Anderson took a similarly unflattering view of India's spinners. While R Ashwin and Ravindra Jadeja have 39 wickets between them in the series, Anderson said: "I'm not sure they're too difficult to handle."
He did admit, however, that England had endured their "worst morning of the tour from a bowling point of view" on the fourth day in Mumbai.
"It is immensely frustrating," he said. "Coming to the ground this morning, we needed to get three wickets. If we could get them we're still well in the game. Unfortunately we didn't bowl as well as we could have first thing. The ball started flying around and then they got settled and managed to put on a big partnership."

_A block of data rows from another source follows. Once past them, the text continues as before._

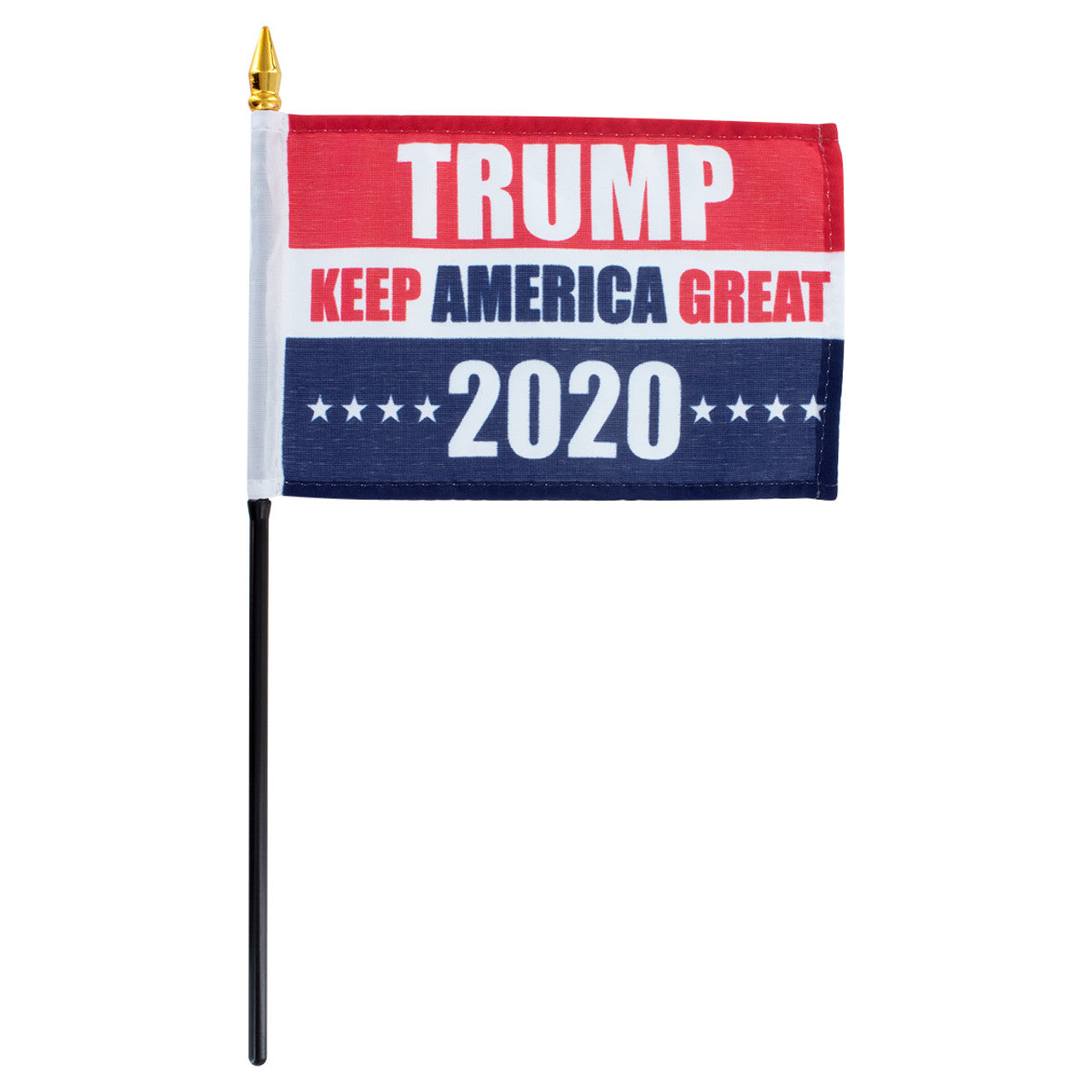 Small flag with 'TRUMP KEEP AMERICA GREAT 2020' text on a white background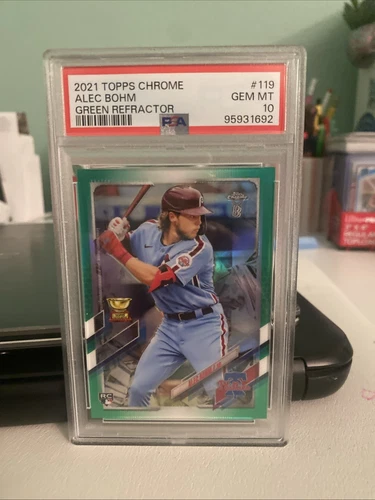 2021 TOPPS CHROME GREEN REFRACTOR #119 ALEC BOHM ROOKIE RC 22/99 PSA 10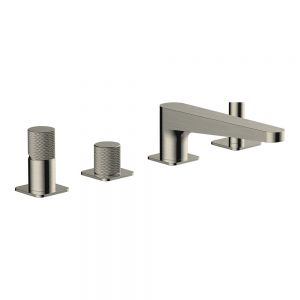 Rak Amalfi Brushed Nickel Deck Mounted 4 Hole Bath Shower Mixer Tap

Despite going into the final day 49 runs behind and with only four wickets in hand, Anderson insisted that England still had a chance of the win they need to stay in the series.
"We're going to come and try to fight our way back into this game if we can," he said. "We're 50 runs behind. If we can bat with the positive intent we showed today, there's no reason why we can't get a hundred ahead of them and then try to put some pressure on them with the ball."